Chief executive Sheila Duffy said: “This is a victory for doctors, nurses, parents and, most of all, for children.

“We know the immense harm done to children by second-hand smoke. Meningitis, lung cancer and even cot death have been linked to tobacco smoke. I’m delighted that we’ve introduced this sensible measure to protect children’s health.

“This law is well supported by parents, with 85% of Scottish adults and 72% of smokers supporting protecting children in this way, as well as the police, children’s groups and the RAC.

“And it will play a vital part in meeting Scotland’s world-first target to cut young people’s exposure to second-hand smoke in half by 2020.”

Minister for public health, Maureen Watt, said: “This government is absolutely committed to protecting children from the harmful effects of second-hand smoke.

“Smoking remains the primary preventable cause of ill health and death in Scotland – ultimately killing one in two long-term users.

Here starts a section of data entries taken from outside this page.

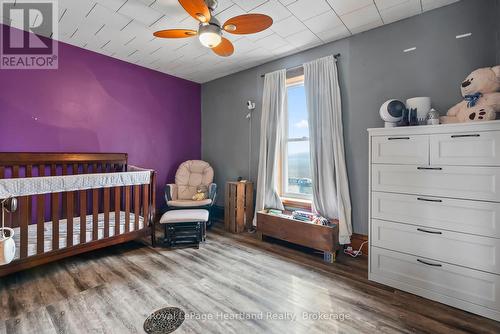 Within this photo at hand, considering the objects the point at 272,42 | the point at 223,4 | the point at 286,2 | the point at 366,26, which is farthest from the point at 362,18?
the point at 223,4

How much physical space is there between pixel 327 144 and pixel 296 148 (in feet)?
1.98

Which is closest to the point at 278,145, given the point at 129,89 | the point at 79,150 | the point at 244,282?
the point at 244,282

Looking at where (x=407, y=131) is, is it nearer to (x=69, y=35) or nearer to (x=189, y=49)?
(x=189, y=49)

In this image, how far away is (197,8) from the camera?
1.67m

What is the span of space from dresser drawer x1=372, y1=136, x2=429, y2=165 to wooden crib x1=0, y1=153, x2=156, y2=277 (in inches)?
100

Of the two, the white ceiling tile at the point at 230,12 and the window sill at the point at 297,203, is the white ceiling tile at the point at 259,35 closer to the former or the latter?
the white ceiling tile at the point at 230,12

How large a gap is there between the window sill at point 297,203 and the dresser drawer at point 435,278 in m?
1.08

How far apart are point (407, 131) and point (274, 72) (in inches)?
79.7

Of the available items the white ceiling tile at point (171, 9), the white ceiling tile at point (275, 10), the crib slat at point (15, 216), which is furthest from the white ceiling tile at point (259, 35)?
the crib slat at point (15, 216)

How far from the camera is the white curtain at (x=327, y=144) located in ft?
8.63

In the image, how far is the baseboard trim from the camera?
2547 millimetres

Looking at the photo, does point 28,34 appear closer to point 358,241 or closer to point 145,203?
point 145,203

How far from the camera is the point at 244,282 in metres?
2.03

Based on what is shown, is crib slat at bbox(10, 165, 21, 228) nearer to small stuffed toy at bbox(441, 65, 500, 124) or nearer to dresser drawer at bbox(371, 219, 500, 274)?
dresser drawer at bbox(371, 219, 500, 274) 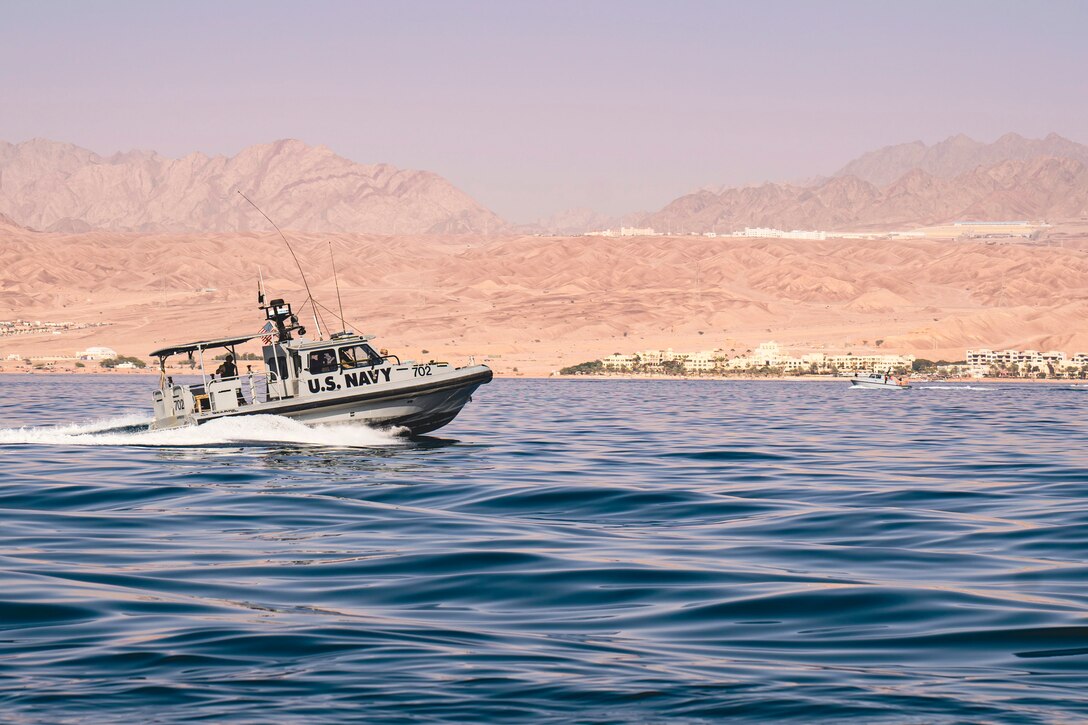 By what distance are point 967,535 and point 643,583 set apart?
17.7ft

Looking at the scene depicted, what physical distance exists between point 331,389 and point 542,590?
2038 cm

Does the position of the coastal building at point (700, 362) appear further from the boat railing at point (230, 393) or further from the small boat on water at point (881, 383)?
the boat railing at point (230, 393)

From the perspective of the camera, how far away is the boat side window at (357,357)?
1281 inches

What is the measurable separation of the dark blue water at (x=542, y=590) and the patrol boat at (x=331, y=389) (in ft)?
14.2

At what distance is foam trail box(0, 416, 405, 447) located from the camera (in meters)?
31.0

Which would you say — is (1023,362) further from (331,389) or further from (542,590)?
(542,590)

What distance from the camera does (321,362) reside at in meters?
32.5

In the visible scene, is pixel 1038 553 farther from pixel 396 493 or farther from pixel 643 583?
pixel 396 493

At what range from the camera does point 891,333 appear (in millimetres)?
165125

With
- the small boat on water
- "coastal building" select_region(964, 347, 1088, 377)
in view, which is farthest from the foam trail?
"coastal building" select_region(964, 347, 1088, 377)

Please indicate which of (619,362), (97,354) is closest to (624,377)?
(619,362)

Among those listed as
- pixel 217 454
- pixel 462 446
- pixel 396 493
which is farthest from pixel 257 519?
pixel 462 446

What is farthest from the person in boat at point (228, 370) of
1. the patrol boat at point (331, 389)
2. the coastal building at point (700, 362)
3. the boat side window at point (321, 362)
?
the coastal building at point (700, 362)

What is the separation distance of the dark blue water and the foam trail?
11.2 ft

This costs the NHS as much as £300 million to £500 million each year.

“The evidence on the harmful effects of second-hand smoke is also clear, which is why last year we announced a target to reduce the proportion of children in Scotland exposed in the home from 12% to 6% by 2020 – potentially saving 50,000 Scottish children from second-hand smoke.

“This bill will contribute to those aims, and I am delighted that it has now been passed.

“The purpose of this legislation is ultimately to achieve culture and behaviour change. Scotland has led the way with the ban on smoking in public places, the display ban and our commitment to a tobacco free generation – these have had a positive effect on public health and we are confident that a ban on smoking in cars with children will do likewise.”